При всей известности и настоящей популярности «Мгзавреби» в Грузии, ребята совсем ещё не избалованы хорошей организацией концертов и неким стандартным набором того, что получает артист в гримёрной и на сцене клуба или зала, в котором выступает. В частности, они не знали, что в гримёрной должно быть обязательно полотенце. Каждому. Они искренне радовались мелочам, а главное – нормальной, слаженной работе звукооператоров и техников. То, что я видел, когда был на концерте в Тбилиси, совершенно отличается от того, к чему сам привык. В Тбилиси настройка звука, так называемый саундчек, проходила долго, весело, можно сказать, по-домашнему. Всё обсуждалось, кто угодно мог давать советы, звукооператор был всем доволен. Все были довольны друг другом. Вот только сам звук оставался немного делом необязательным. Это было трогательно, мило и как-то, в лучшем смысле, по-грузински.

Гиги ужасно волновался перед первым московским концертом. Это было видно по глазам, по необычной бледности лица, по движениям рук. Я хорошо его понимал. Ещё бы! В первый раз сыграть в России, в Москве. Впервые шагнуть в эту вроде бы знакомую, близкую, нечужую, но огромную и неизведанную страну. Впервые встретиться с Нами, то есть с российской публикой и слушателями.

Гиги волновался гораздо сильнее, чем я в Тбилиси. У меня опыта многократно больше, да и в Тбилиси я бывал много раз. А перед нашим концертом в Москве с нетерпением, с безудержным рвением ждал выхода на сцену. Ждал как человек, у которого есть хороший подарок – сюрприз, – и ему не терпится его показать и вручить другу. Я не сомневался, что будет прекрасно. Но я не мог представить, насколько прекрасно!
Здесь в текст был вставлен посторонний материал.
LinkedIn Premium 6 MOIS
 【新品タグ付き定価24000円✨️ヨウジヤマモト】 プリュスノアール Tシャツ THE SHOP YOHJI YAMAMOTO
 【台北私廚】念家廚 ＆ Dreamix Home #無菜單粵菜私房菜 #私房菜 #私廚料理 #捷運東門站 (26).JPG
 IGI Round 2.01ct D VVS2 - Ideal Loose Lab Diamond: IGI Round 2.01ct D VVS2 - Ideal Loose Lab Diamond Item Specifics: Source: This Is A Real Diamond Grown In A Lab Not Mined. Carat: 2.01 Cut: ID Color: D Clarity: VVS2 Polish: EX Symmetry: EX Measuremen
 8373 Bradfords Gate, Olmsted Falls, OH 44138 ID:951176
И я не ожидал того мощного градуса, который возник моментально в зале и на сцене, не ожидал тех искр, которые высекут музыканты и публика, не ожидал взаимного удивления и восторга друг от друга. А удивлены были и восхищены как «Мгзавреби», так и те, кому посчастливилось быть на их первом выступлении в Москве.

Те, кто занимается сценическим творчеством, часто слышат вопрос: вы помните своё первое выступление? Кто-то помнит, кто-то – нет. К тому же что считать первым выступлением на сцене? Первый стишок на утреннике в детском саду, участие в школьном хоре, в студенческой самодеятельности, или самые первые малоосознаваемые сценические экзерсисы на пути к профессиональной сцене? Трудно сказать. А 15 июня в Б2 было действительно первое выступление уже сложившегося, зрелого, со своим звучанием, лицом и своей интонацией самобытного коллектива перед российской публикой. Это было чудо! Потому что такой первый концерт бывает только один раз. Это последних концертов бывает много: последний в этом сезоне, последний в этом составе, последний в этом городе, но первый – он и есть первый. Те, кто тогда были в Б2, не забудут, как не забудут этого «Мгзавреби», как не забуду этого я.

Я наблюдал, как пришедшие на концерт разглядывали уставленную инструментами и аппаратурой сцену. Они смотрели с удивлением: они не видели того, что всегда есть и должно быть на сцене, если ты пришёл на рок-концерт. А этого не было! Не было большой ударной установки, не было этой пирамиды из барабанов и тарелок. Клавиши, гитары, бас стояли на своих местах. Микрофоны… А вместо большого количества барабанов стоял один маленький, похожий на песочные часы, африканский барабанчик. Я слышал, как люди переговаривались между собой и высказывали предположение, что, наверное, будет исполняться что-то народное, негромкое…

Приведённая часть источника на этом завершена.